> [ACTIVITY] Only the lines of the listing below that run from the line with "istock Aerial view" through the line with "Straight Outta The" are to be set down, word for word. Pictures stay out.

[DATA FOR PROCESSING]

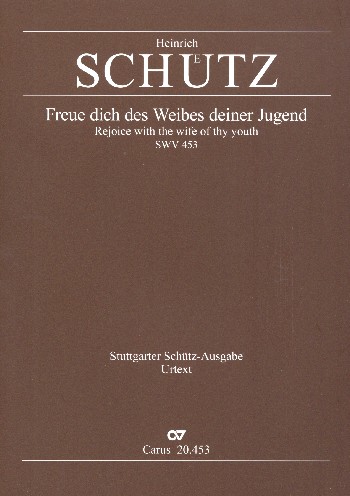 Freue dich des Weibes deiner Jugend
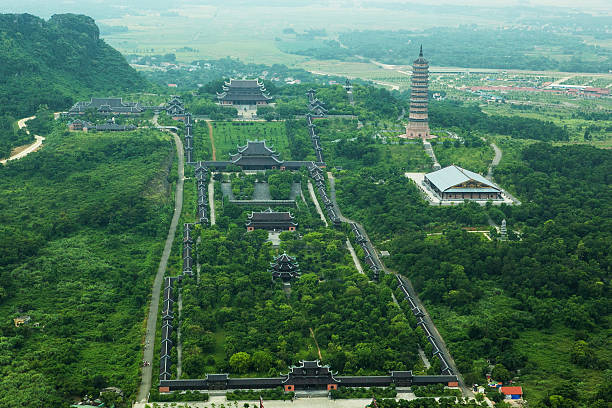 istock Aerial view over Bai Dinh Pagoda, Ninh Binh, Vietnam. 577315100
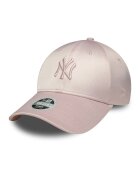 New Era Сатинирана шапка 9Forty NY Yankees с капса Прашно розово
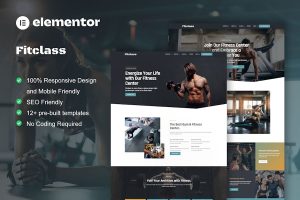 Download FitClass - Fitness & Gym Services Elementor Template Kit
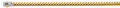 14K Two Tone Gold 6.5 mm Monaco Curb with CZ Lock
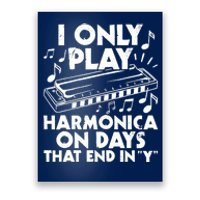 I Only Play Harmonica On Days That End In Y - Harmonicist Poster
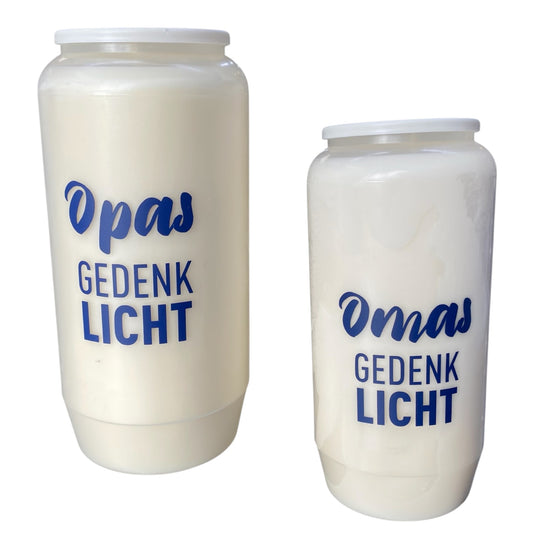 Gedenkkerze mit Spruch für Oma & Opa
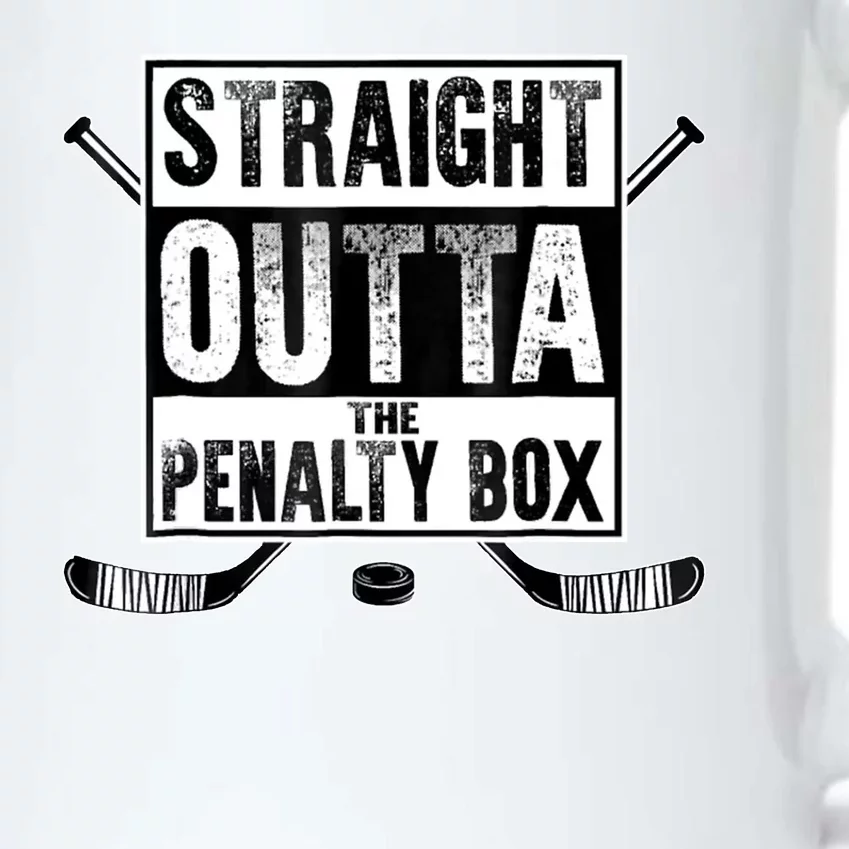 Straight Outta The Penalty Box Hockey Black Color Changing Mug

[/DATA FOR PROCESSING]
[DATA FOR PROCESSING]

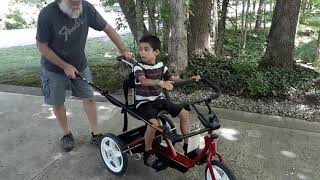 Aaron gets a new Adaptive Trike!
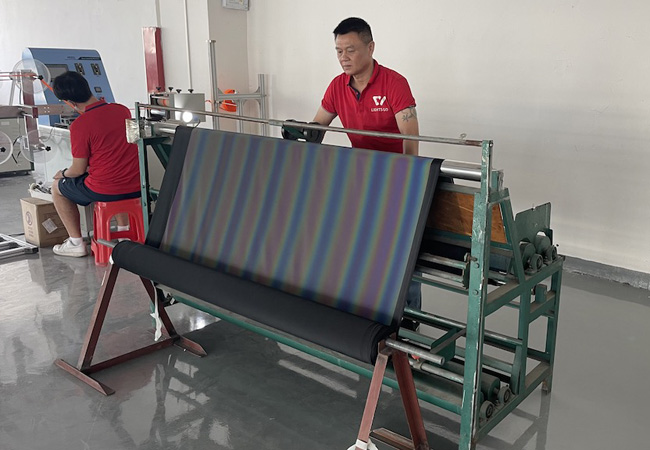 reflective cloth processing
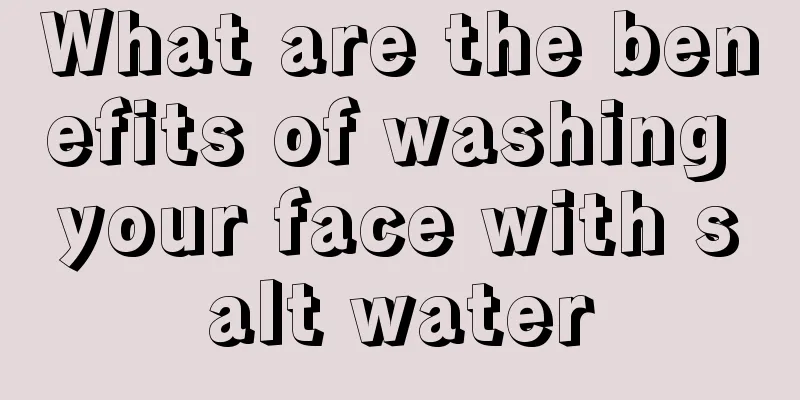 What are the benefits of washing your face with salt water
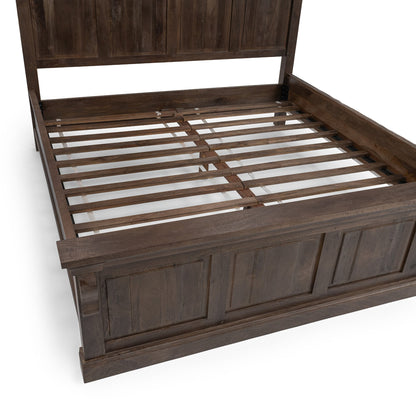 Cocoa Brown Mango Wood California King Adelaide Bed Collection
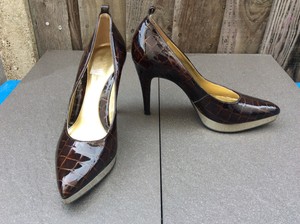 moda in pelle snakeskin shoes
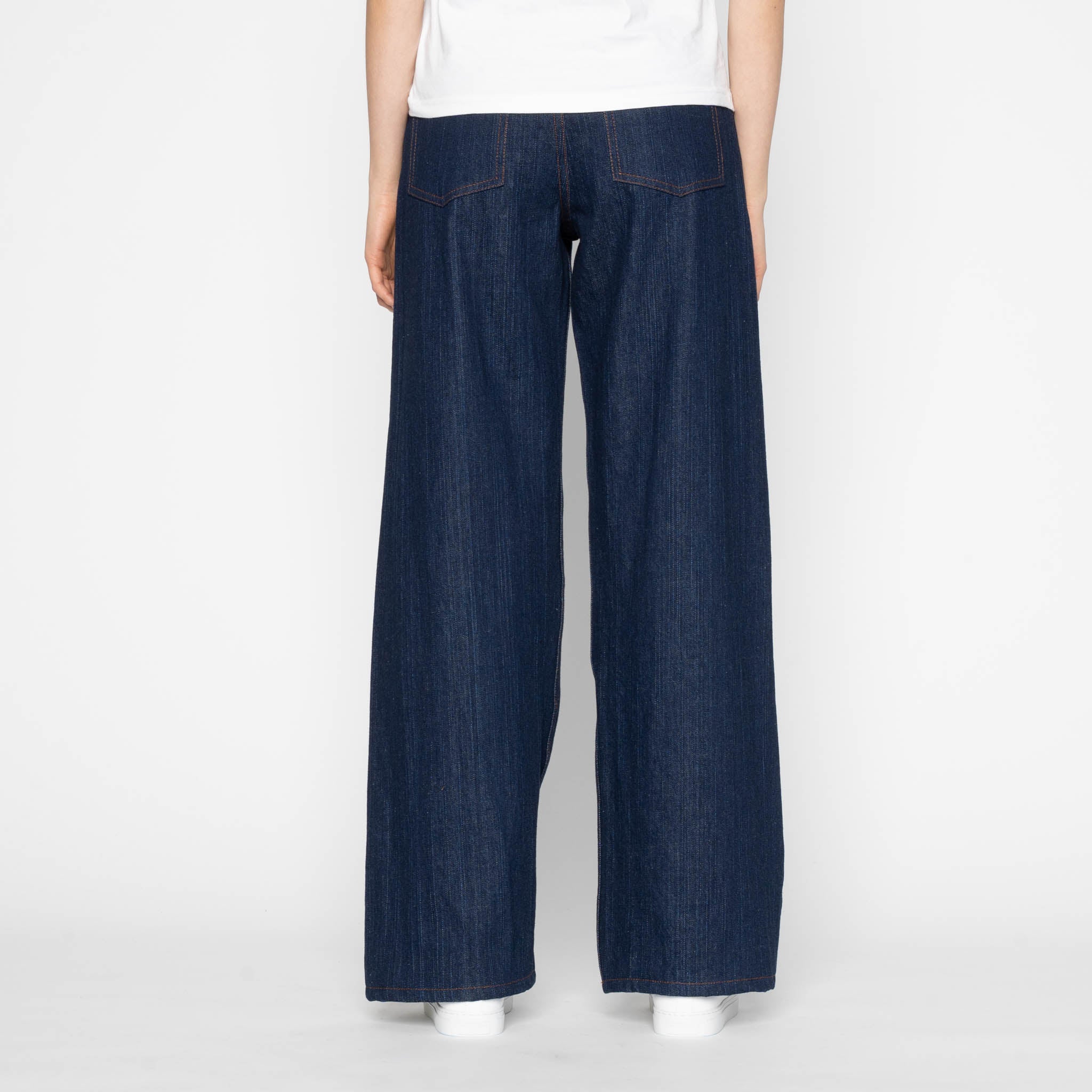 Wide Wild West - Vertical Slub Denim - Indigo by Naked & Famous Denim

[/DATA FOR PROCESSING]

> [THE ANSWER]
 istock Aerial view over Bai Dinh Pagoda, Ninh Binh, Vietnam. 577315100
 New Era Сатинирана шапка 9Forty NY Yankees с капса Прашно розово
 Download FitClass - Fitness & Gym Services Elementor Template Kit
 14K Two Tone Gold 6.5 mm Monaco Curb with CZ Lock
 I Only Play Harmonica On Days That End In Y - Harmonicist Poster
 Gedenkkerze mit Spruch für Oma & Opa
 Straight Outta The Penalty Box Hockey Black Color Changing Mug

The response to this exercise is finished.